# 🧢 Mixed-Type Domain-Specific Embeddings (Fashion/Retail Example)

Our custom embedding model uses a 12-dimensional feature vector where:
- Some fields are binary (0/1)
- Some are encoded as integers (0–255) based on domain-specific lookups (e.g., color IDs, size ranks)



## 🧢 FashionVectorizer: Domain-Specific Vector Encoder for Retail Search

The `FashionVectorizer` class is a utility that converts fashion catalog data and user search descriptions into 12-dimensional semantic vectors. These vectors are designed for **clothing and shoe product indexing, similarity search, and recommendation systems**.

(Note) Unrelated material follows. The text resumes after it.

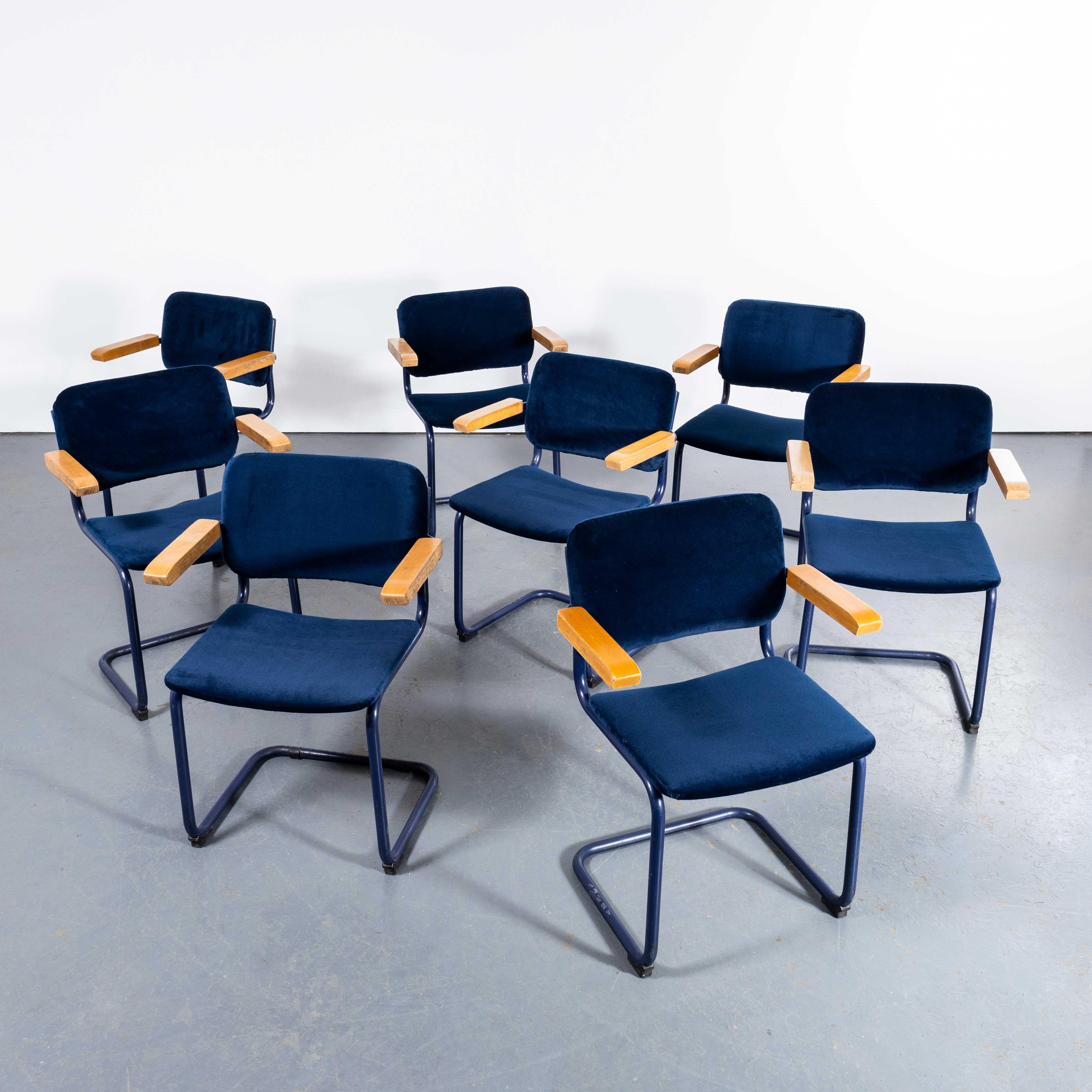 1970's Cantilever Blue Frame Dining Chairs With Deep Blue Upholstery - Set Of Eight. 

Classic Bauhaus style cantilever frame dining chair produced with chrome frames and reupholstered seats and backs and beech capped arms. Of good size and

This approach enables **interpretable, explainable embeddings** with both binary and integer values reflecting domain-specific features like color, size, material, weather resistance, and use case.

---

### 🧬 Vector Schema (12 Dimensions)

| Dim | Feature                     | Type     | Notes                                                   |
|-----|-----------------------------|----------|----------------------------------------------------------|
| 0   | Is footwear                 | binary   | 1 = shoes, boots, sneakers                               |
| 1   | Is outerwear                | binary   | 1 = jacket, coat                                         |
| 2   | For kids                    | binary   | based on 'target' field or query context                |
| 3   | Waterproof                  | binary   | 1 = water resistant gear                                 |
| 4   | Use case code               | integer  | 0 = casual, 1 = formal, 2 = sport, 3 = workwear          |
| 5   | Color code                  | integer  | Based on lookup table (0–255)                            |
| 6   | Size code                   | integer  | XS–XL mapped to range (80–230)                           |
| 7   | Has memory foam insole      | binary   | comfort enhancement, mostly in shoes                    |
| 8   | Insulated/thermal lining    | binary   | relevant for winter gear                                |
| 9   | Oversized                   | binary   | relaxed fit style                                        |
| 10  | Denim/jeans-style           | binary   | checks for 'denim' in material or query text             |
| 11  | Brand popularity score      | integer  | default = 50, range 0–100 (manual or learned ranking)    |

---

### ✅ Methods

- `json_to_vector(item_dict)`  
  Converts a catalog JSON line to a 12-dimensional embedding.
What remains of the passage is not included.